The Two Types of Motivation
Motivation in sport can be intrinsic or extrinsic. Intrinsic motivation comes from within and is knowing one has done well. It’s also playing for the enjoyment and no extra motivation is needed. Extrinsic motivation is being rewarded or receiving rewards from playing, for example, receiving a cup or getting money for playing; this will extrinsically motivate somebody into playing. At the start of a sport a person will begin to play for the fun of the sport and playing with his friends; this is being intrinsically motivated. As they begin to play more and more and start to get better, they could get scouted and begin to get paid for their services. This can quickly change a person to play for money which is being extrinsically motivated.
Some people, however, could learn to play a sport hoping to become famous and earn a lot of money. This is extrinsically motivated. As they begin to play more they could possibly realise that they enjoy playing for the fun of it. This can change to being intrinsically motivated. Intrinsic motivation can easily be more affected by extrinsic rewards, especially money. It would be harder for someone who is already extrinsically motivated to be persuaded to become intrinsically motivated as it is more common to go from intrinsically motivated to be extrinsically motivated.
Need Achievement Theory
The term Need Achievement Theory, or Nach, was first used by Henry Murray in 1938 and was associated with a range of actions. The concept of Nach was subsequently made popular by the psychologist David McClelland. There are four factors in Nach: personality, situational, resultant and behaviour tendencies and emotional reactions in achievement.
There are two underlying motives in Nach:
- Achieving success
- Avoiding failure
Achieving success is the ability to take pride or satisfaction from our achievements. In avoiding failure the opposite is true; we are looking not to submit ourselves to feelings of shame or failure. High achievers have a high motivation to achieve success; low achievers have a tendency to concentrate on avoiding failure and that there is a balance between the two distinct behaviours.
Situational Factors are influences that do not come from within the individual but from elsewhere such as the environment and others around. High achievers will get the most out of situations where the chance of success is relatively low and success becomes a real challenge to them to achieve.
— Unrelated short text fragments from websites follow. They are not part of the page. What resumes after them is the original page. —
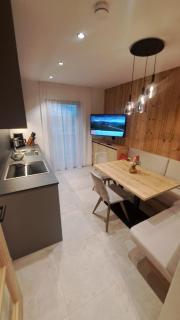 App. Promberger - St. Lorenzen - 5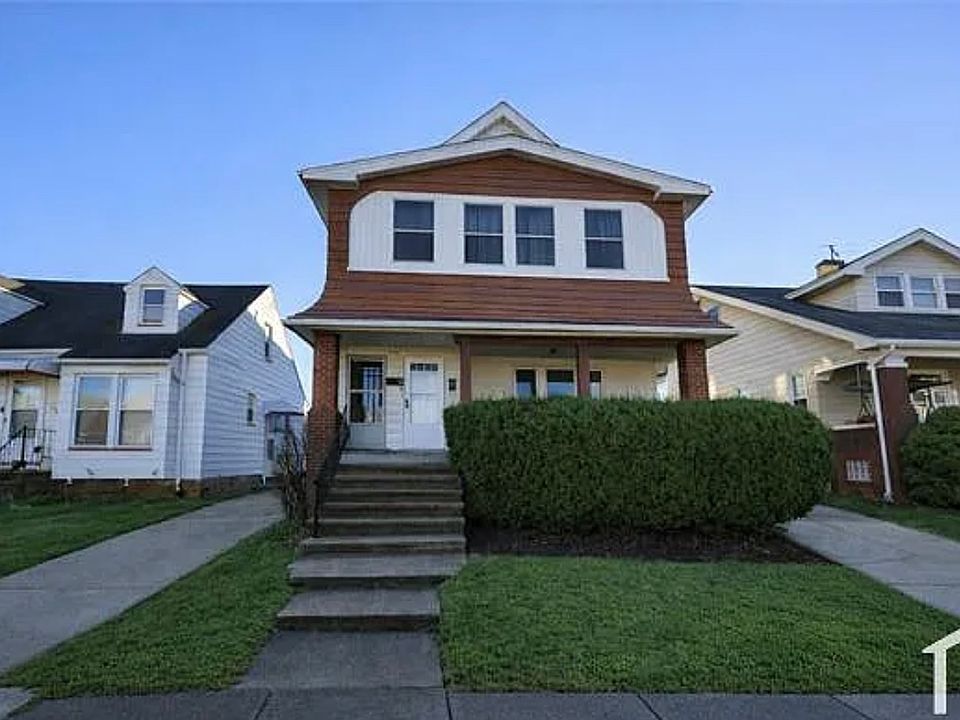 1st image of 11120 Wadsworth Ave #2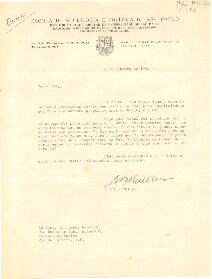 DR_i_spi_1948.05.17_v.1_15.pdf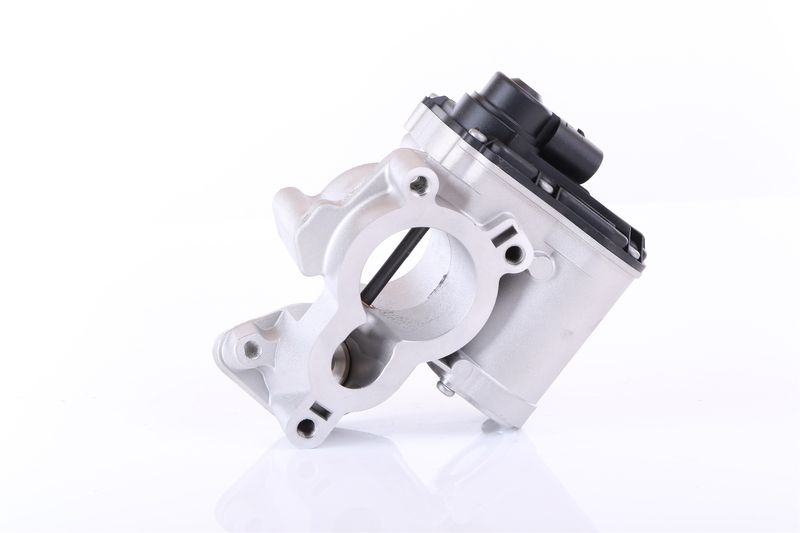 EGR-klapp, NISSENS 98261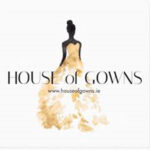Midlands Wedding Suppliers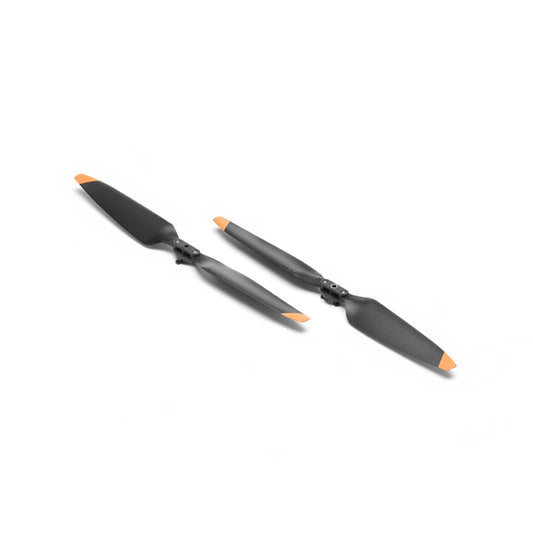 DJI Matrice 4 Series Propellers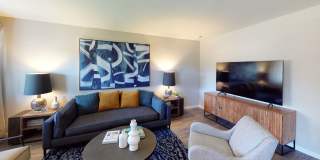 Vercanta Newport Beach Gallery 3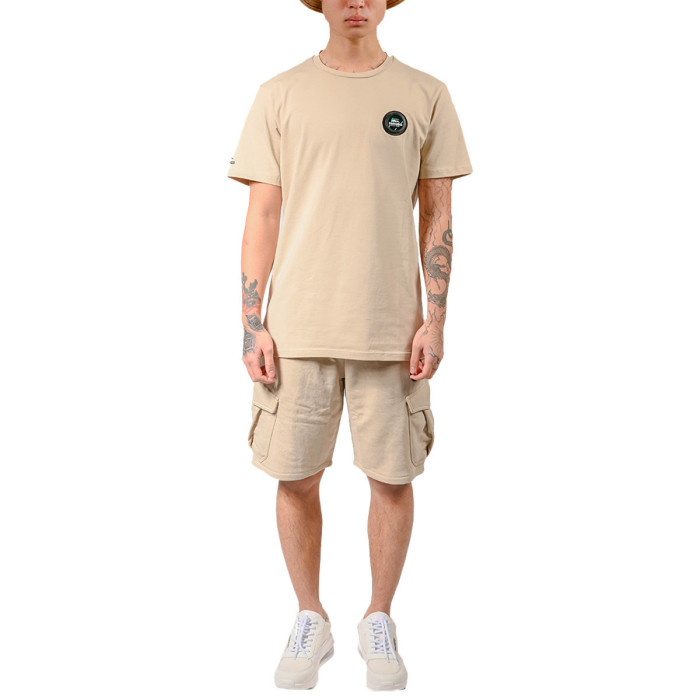 Helvetica Tee-shirt Helvetica HART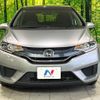 honda fit 2014 quick_quick_GK3_GK3-3014430 image 14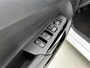 Kia Picanto 1.0 DPi DynamicPlusLine | Climate Control | Camera | Cruise Control | NL Auto & NAP | BTW |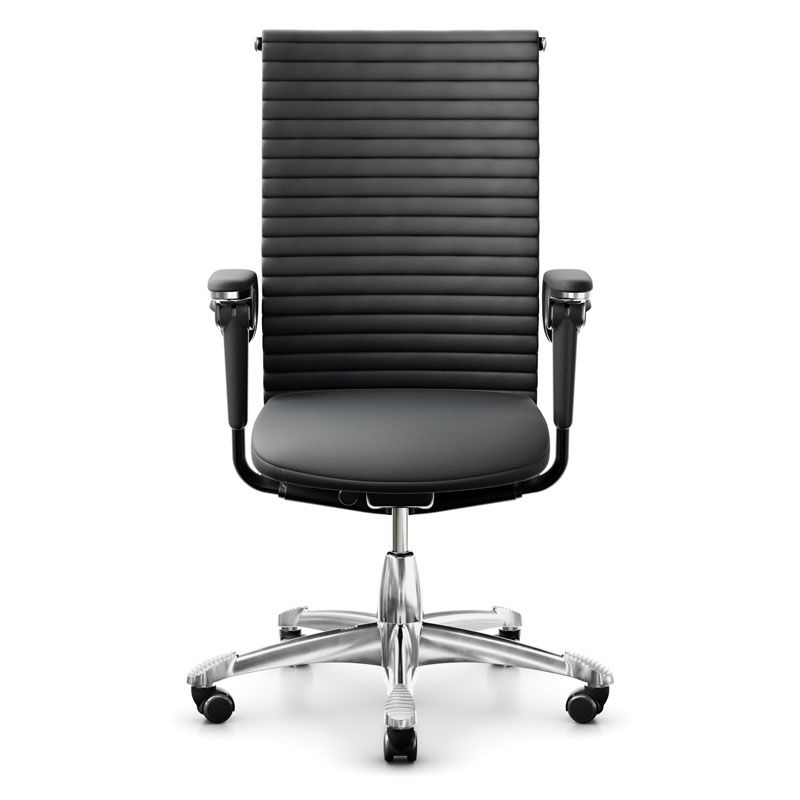 HAG 9321 Excellence Chair - Design Your Own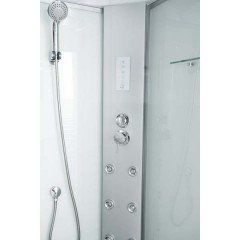 Душевая кабина Luxus 811 L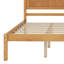 Lit plateforme en bois massif Shauna-1714542548-1629306462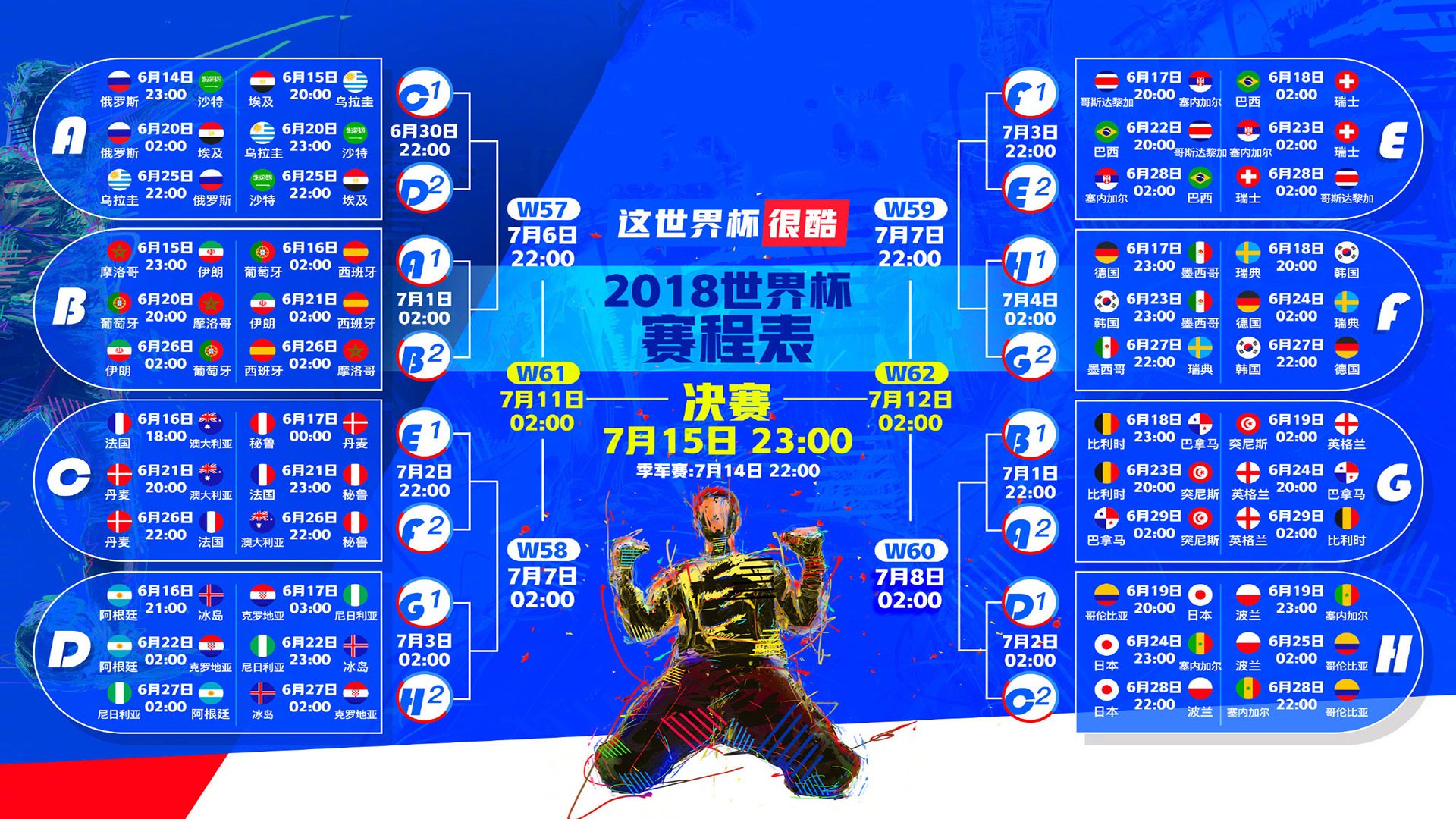 48队扩军赛制-从连败阴霾到带队封神，杜兰特在关键时刻的华丽转身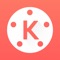 Make incredible videos on your iPhone or iPad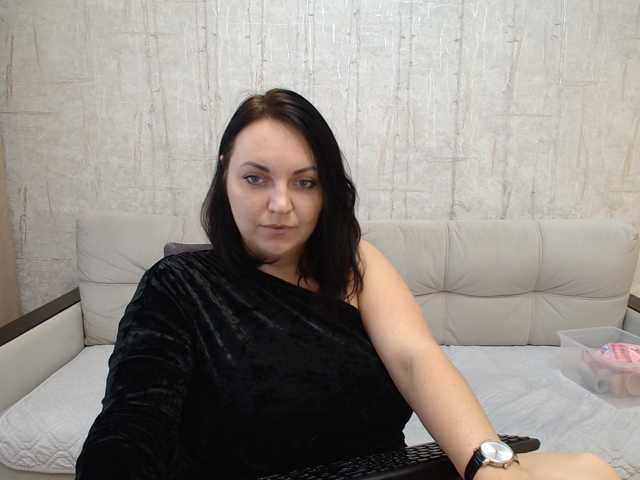 _verrra_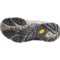 5CGMA_6 Merrell Moab 2 Vent Hiking Shoes (For Women)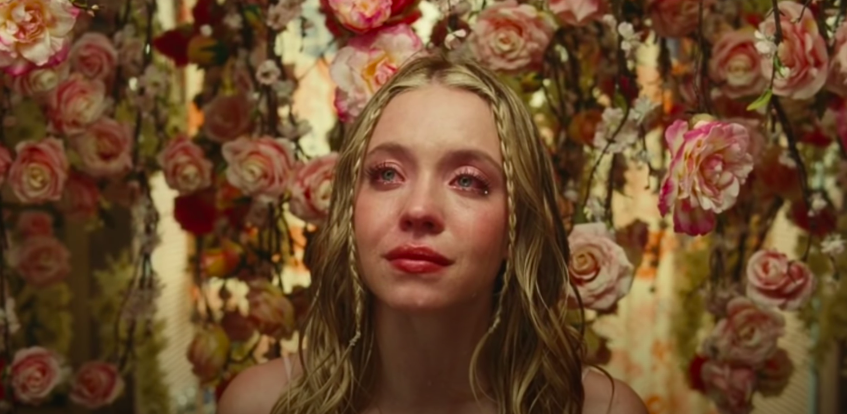 FilmMunchin's tweet photo. New Euphoria tonight? Catch up on what happened last week, first, with our latest recap.

https://t.co/kkU7NTXuyQ https://t.co/pLlXDCzPv5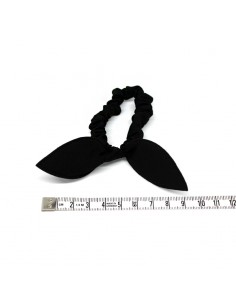 Elastique oreilles 2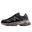 Chaussures  9060 Black Castlerock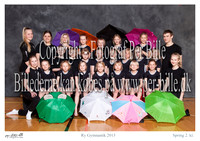 web--9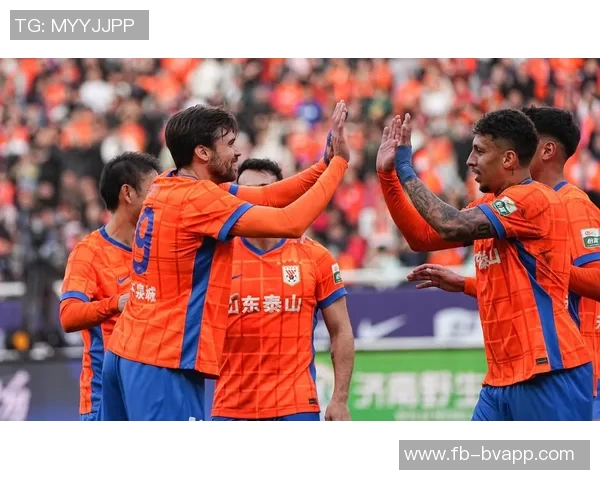 小吧邀你共赴工体观中超收官战国安对梅州客家赢取球票互动活动等你参与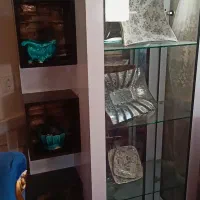 بوفه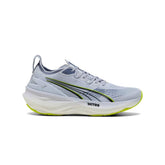 Puma - Men's ForeverRun Nitro 2 Shoes (310109 05)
However, a low achiever may see losing where the chance of success is low, as one that will make them feel ashamed.
Resultant & Behavioural Tendencies
A person’s resultant and behaviour tendencies arise from considering an individual’s motive levels in relation to situational factors. High achievers seek challenges at this level which are within their abilities on a competitive level around a 50/50 probability.These tendencies for a low achiever will lead to them adopting easier tasks which do not force them to challenge themselves in a sporting context or extremely hard tasks where failure is almost a certainty. It’s not a fear of failure here but more the fear of the negative appearance of failure in a sporting context.
Emotional Reactions to Achievement
The fourth factor in Nach is an individual’s emotional reactions shown in accomplishment or failure. Our personalities react differently to situations to either focus on pride of success or shame of failure.